双子の妹である赤霧涼の友人であり、仕えるべき主人の家の使用人の妹。友人である青柳の友人。
友達の友達、知り合いの知り合い、という間柄であったはずなのに彼女はぐいぐいと話しかけてくる。少なくとも自身は話しかけやすいような性格でも見た目でもないと自覚しているがそれもまるで歯牙にかけない。
涼や蓮様と共にいるがその二人と比べていわゆる人種は違う。
目を引くような美しい容貌は持たず、突出した頭脳も持たず、魅了するようなカリスマ性も持たない。
何も特別なものを持っていないはずであったのに、俺の目には彼女は異様に映った。
何が妙なのか、人と違うのか、説明はできない。けれど彼女はその幼い態度や見た目とまるで合致しない雰囲気を身にまとっているときが度々あった。
気が付けば友達の友達、知り合いの知り合いであった彼女は俺の知り合いになっていた。
そしてどこからともなく現れて、俺に対して一方的な雑談を繰り広げることも、そう珍しくもない日常の一つと化していた。
「涼は、なぜああなのか」
だからそのつい俺の口から出た言葉は決して相談やそういったものの類ではなかった。ただ普段涼の傍にいるこの小さな同級生から見たあいつは、どういった人間なのか。
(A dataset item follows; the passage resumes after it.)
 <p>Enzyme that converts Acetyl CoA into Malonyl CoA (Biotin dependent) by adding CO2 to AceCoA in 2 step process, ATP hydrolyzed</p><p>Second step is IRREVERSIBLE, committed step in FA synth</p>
それを聞いてみたかっただけだった。
「涼ちゃん?”ああ”っていうのは、蓮様一筋で、完璧主義者で猫かぶりで、ストイックで外面ましましなところ?」
「……意外と言うな、お前」
「そりゃまあ?でも涼ちゃんてそういう子でしょ?」
そういう子、その表現が妙にしっくりきた。
蓮様一筋で、完璧主義者で猫かぶりで、ストイックで外面ましまし。
あいつは俺の記憶にある限りから、ずっとそうだった。いつからかは覚えていない。いつからか覚えていないような年齢の時から赤霧涼という人間はそういう人間だった。いっそ空恐ろしくなるほど、子供のときからその人格が完成されていた。しかも今に至るまでそのスタンスはまるでぶれない。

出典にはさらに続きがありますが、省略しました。